Ceredigion Citizens Advice is reliant on project funding and has no financial support for its core services.

“It is the core general advice services that is the beating heart of what we do,” said Dame Clare.

“Some local authorities really get the value of Citizens Advice. Some local authorities see it as a cost, but some see it as a value with early intervention reducing long-term costs.”

She added that Citizens Advice was the first stop for most people when they had a problem “What we end up doing is finding scraps of funding to keep that service going.
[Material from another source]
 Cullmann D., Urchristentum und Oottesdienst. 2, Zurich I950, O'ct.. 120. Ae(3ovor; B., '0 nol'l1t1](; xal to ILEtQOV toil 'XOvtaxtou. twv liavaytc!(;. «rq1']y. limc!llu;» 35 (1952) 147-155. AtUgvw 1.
It’s really difficult - it’s really hard to provide a service without more money.”

Ceredigion Citizens Advice provides advice to around 2,500 people a year – with numbers rising under the current cost of living crisis.
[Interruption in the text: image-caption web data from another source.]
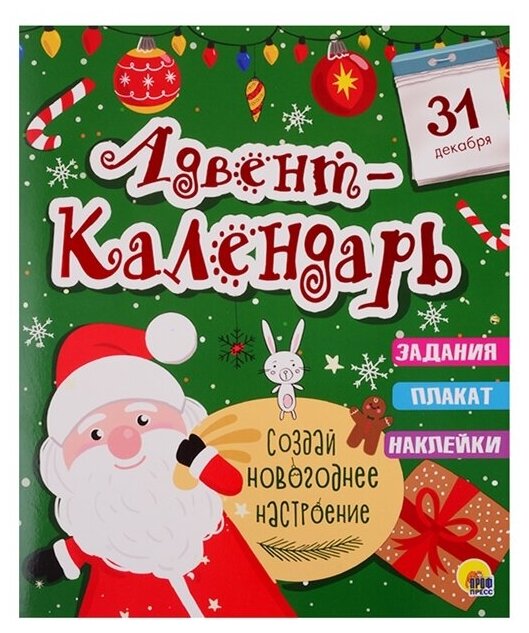 Новогодний Адвент-календарь "Создай новогоднее настроение"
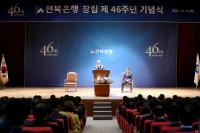 전북은행, 창립 46주년...“100년 은행으로 성장하자”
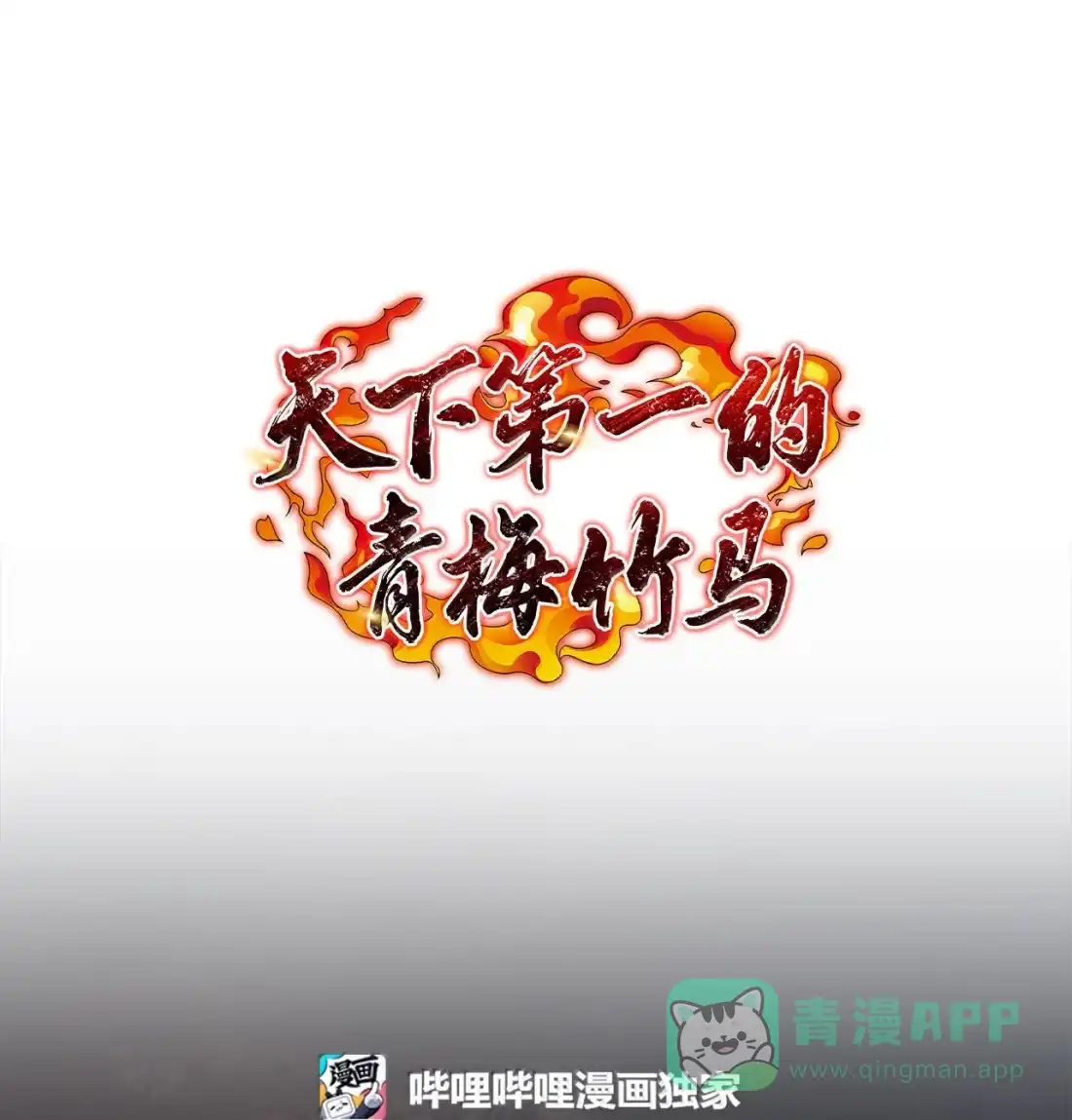 61她在偷偷练剑？-天下第一的青梅竹马-woobiram,Tofu,Min Yong Ki,DCC（第1张）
“It’s a big issue and something we have to address,” she said. “We can’t magic up local funding but we can make sure that we have a strong narrative – we have a really strong story to tell that our work really makes a difference.”

And Dame Clare said that having Citizens Advice in Ceredigion was vital for local people.

“Local is really important and it is the local roots of Citizens Advice that is critical.”

There are 265 independent local Citizens Advice across England and Wales, and Ceredigion CA chief executive Juliet Morris said it was a tremendous coup for the charity to have a visit from Dame Clare.

“Dame Clare's perspective on the strategic importance of our work locally was inspiring,” she said. “Expert advice can transform lives with a powerful ripple effect.

“It not only enables people to manage crunch points in their lives but brings new money into the local economy and pre-empts a full-blown crisis which reduces demand on local public services."

“It was also the perfect chance to put Ceredigion on Dame Clare’s map so that her campaigns work, influencing UK Government and energy bodies on behalf of Citizens Advice clients, includes the very particular needs of Ceredigion’s communities.”

• Dame Clare mentioned her visit to Ceredigion in an interview with BBC Radio 4 Today programme the following day.

She mentioned how rising fuel costs put pressure on already struggling clients and how it was a massive issue in rural areas. The interview is at 8.10am on the recording.